Une femme de confiance au cœur du dispositif
Tina Ciaparrone n’est pas une inconnue dans le paysage économique congolais. Ancienne enseignante, devenue entrepreneuse influente, elle dirige aujourd’hui plusieurs sociétés dans les secteurs pétrolier, minier et des infrastructures, dont la SOGEMIP (Société des Génie d’Exploitation Minière et Pétrolière).
Mais dans les vidéos récemment publiées, elle reconnaît ouvertement un rôle bien plus sensible : celui de prête-nom pour Joseph Kabila. Elle affirme notamment détenir officiellement 100 % de plusieurs entreprises… dont 25 % reviennent en réalité à l’ancien président.
Parmi les sociétés citées figurent CIIG, SOTEXKI, Texico, Coete Gaz ou encore SOGEMIP Mining, active dans l’exploitation de cobalt, de cuivre et de lithium dans la région du Lualaba. Un chiffre revient dans toutes ses déclarations : “25 % pour M. Kabila”.
Montages financiers, blanchiment et pétrole stratégique
Plus troublant encore, Ciaparrone décrit en détail une opération de blanchiment présumé à travers un partenariat fictif avec une société baptisée LIU Resources. Dans cet arrangement, SOGEMIP serait entrée dans le capital de LIU à hauteur de 35 %, pour en sortir le jour même, générant une transaction de 8 millions de dollars. Un montage présenté comme destiné uniquement à faire circuler et blanchir des fonds.
Le dossier prend une autre ampleur quand on examine le portefeuille d’actifs de SOGEMIP. L’entreprise détient des participations dans plusieurs blocs pétroliers stratégiques de la RDC, aux côtés de groupes comme PERENCO et ENI, dans des zones estimées à plus de 15 milliards de dollars de réserves.
D’après les calculs de Mediapart, les parts cachées attribuées à Joseph Kabila pourraient donc représenter plusieurs centaines de millions de dollars de gains potentiels – pour un homme qui n’occupe plus de fonction publique.

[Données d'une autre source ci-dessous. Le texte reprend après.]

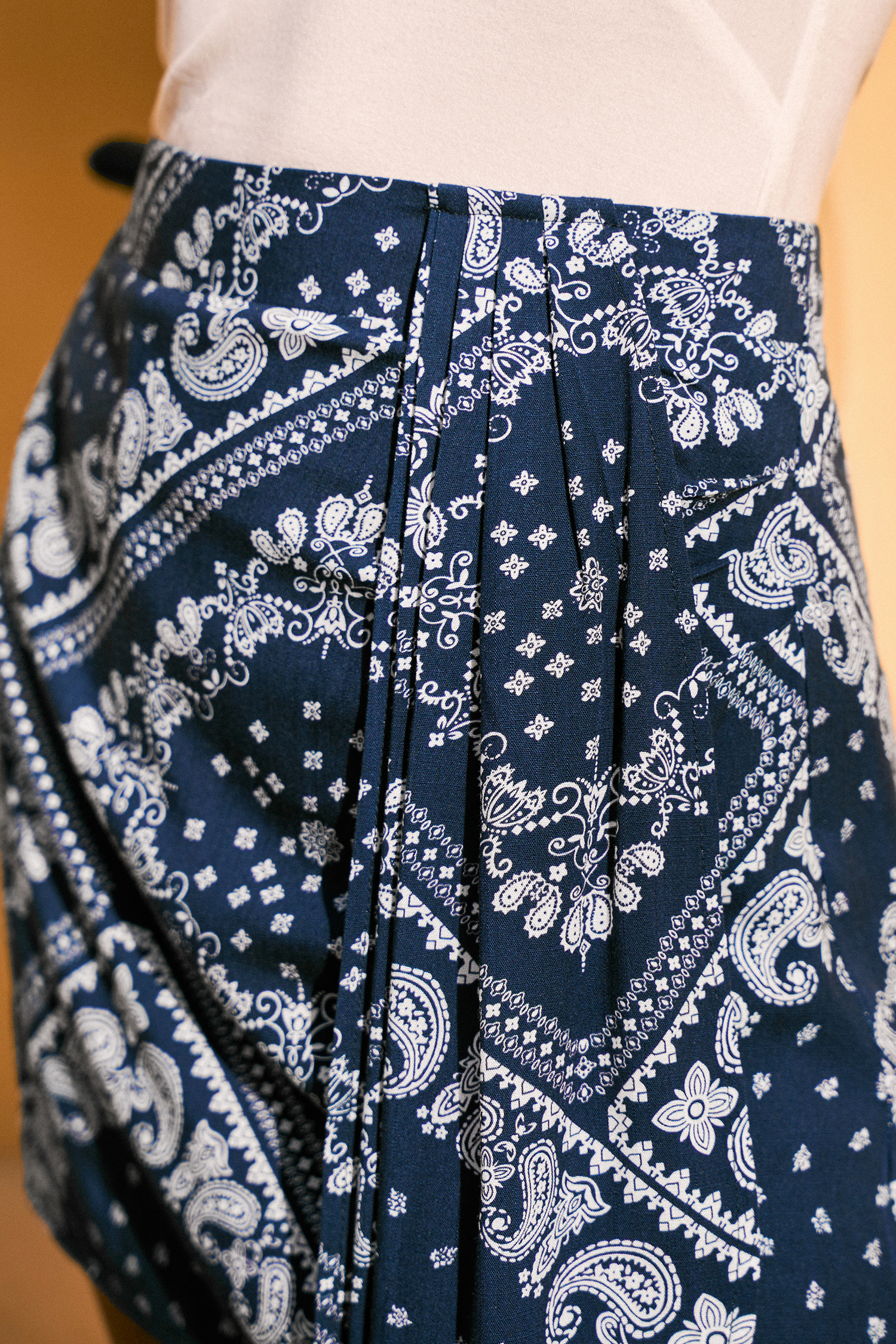 Blauer Paisley Minirock mit Volantbesatz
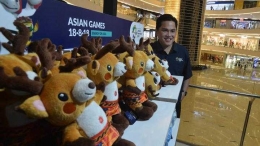 Ketua Panitia Pelaksana Asian Games 2018, Erick Thohir berpose di samping merchandise Asian Games 2018 yang dijual (dok tempo.com)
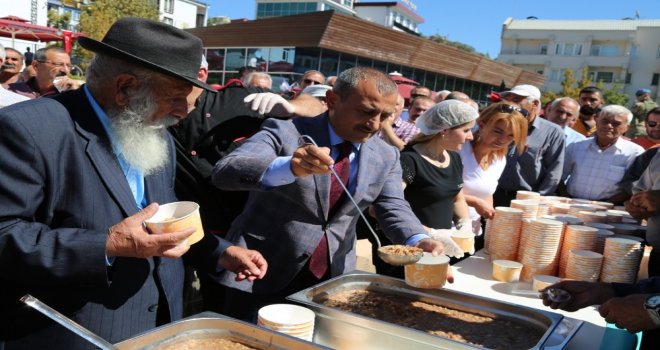 Vali Sonel, Vatandaşlara Aşure İkram Etti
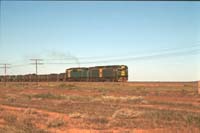 8.4.1987 Mannahill BL28 + GM37 hauling ore train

Le silence des institutions congolaises
Malgré la gravité des accusations, ni l’État congolais ni la justice n’ont réagi officiellement. Aucun mandat de perquisition, pas de réaction publique du parquet, pas d’enquête parlementaire. Un silence assourdissant dans un pays où le revenu moyen plafonne à 50 dollars par mois, et où l’accès aux services publics de base reste une gageure.
Plus inquiétant encore : certaines sources affirment que Joseph Kabila se trouverait actuellement dans l’Est du pays, sous protection du groupe armé M23, qu’il est accusé de financer. Une connexion qui, si elle se confirme, lierait la prédation économique au conflit armé, et renforcerait l’ampleur du scandale.
Et maintenant ?
Ces révélations relancent les interrogations sur la capacité réelle des institutions congolaises à rompre avec les pratiques du passé. La question dépasse la seule figure de Kabila : elle touche à l’État de droit, à la transparence dans les industries extractives, et à la souveraineté économique d’un pays riche, mais captif de ses élites.
La pression est désormais sur le gouvernement congolais et sur ses partenaires internationaux. Agir, ou cautionner ? C’est le dilemme. Car sans une réponse judiciaire et politique forte, le message envoyé est clair : au Congo, même les scandales documentés, chiffrés, enregistrés… ne coûtent rien.